Lines 73 to 85 in 6ab7e96

	/// For authenticated operations, we can pull the actor out of the opctx
	/// and have it be the actor we intend (the user). For unauthenticated
	/// requests like login attempts, the actor on the opctx is the built-in
	/// external-authenticator user, which would be misleading to consider the
	/// actor for the request. So for those operations we ignore the opctx.
	pub(crate) async fn audit_log_entry_init_unauthed(
	&self,
	opctx: &OpContext,
	rqctx: &RequestContext<ApiContext>,
	) -> CreateResult<AuditLogEntryInit> {
	let actor = AuditLogActor::Unauthenticated;
	self.audit_log_entry_init_inner(&opctx, actor, rqctx).await
	}

You could also imagine that for failed login attempts, we want to know who they were trying to log in as. However, for SAML login this may not be meaningful as we only get the request from the IdP after login was successful over there, but for password login we could log the username.

[inickles]

Followup to #7339.

Currently for login attempts, we do not log any actor because we do not know who they are until after they've logged in, and we only set the actor during audit log entry initialization. We should log who they turned out to be. Closely related to #8811 because both require us to come up with a cute generic way of extracting certain bits of information from the result of an operation.

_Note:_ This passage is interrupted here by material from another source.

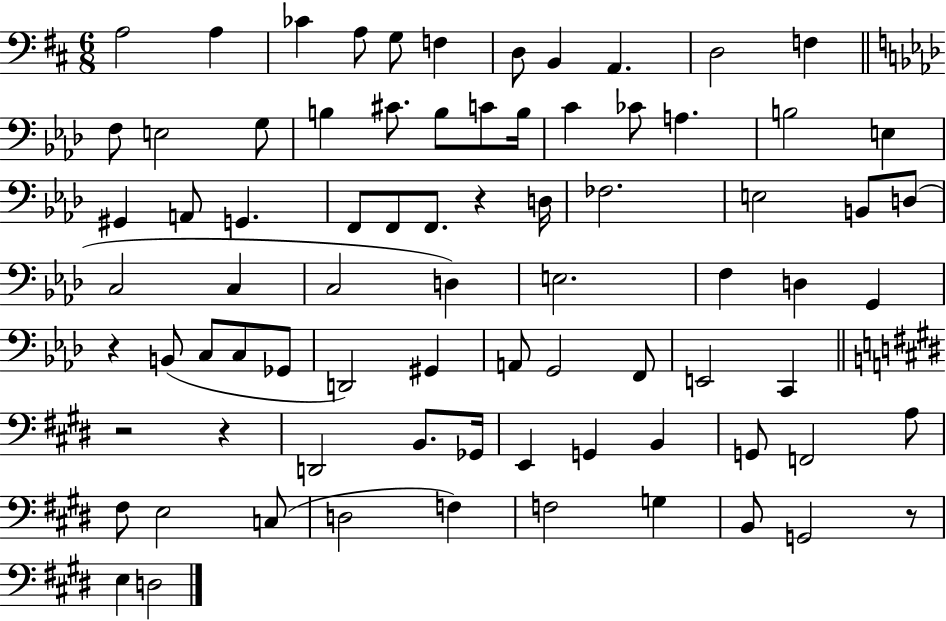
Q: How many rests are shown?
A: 5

IMO it would be more clear to put the info about the authenticated user in the results field than the actor field, including the non-secret credential ID that was created at the time. Also, I'm kind of thinking it might be more clear to just drop the actor field whenever the value is unauthenticated, but I don't have strong opinions about that.

You could also imagine that for failed login attempts, we want to know who they were trying to log in as. However, for SAML login this may not be meaningful as we only get the request from the IdP after login was successful over there, but for password login we could log the username.

Agreed, logging the attempted username would be useful.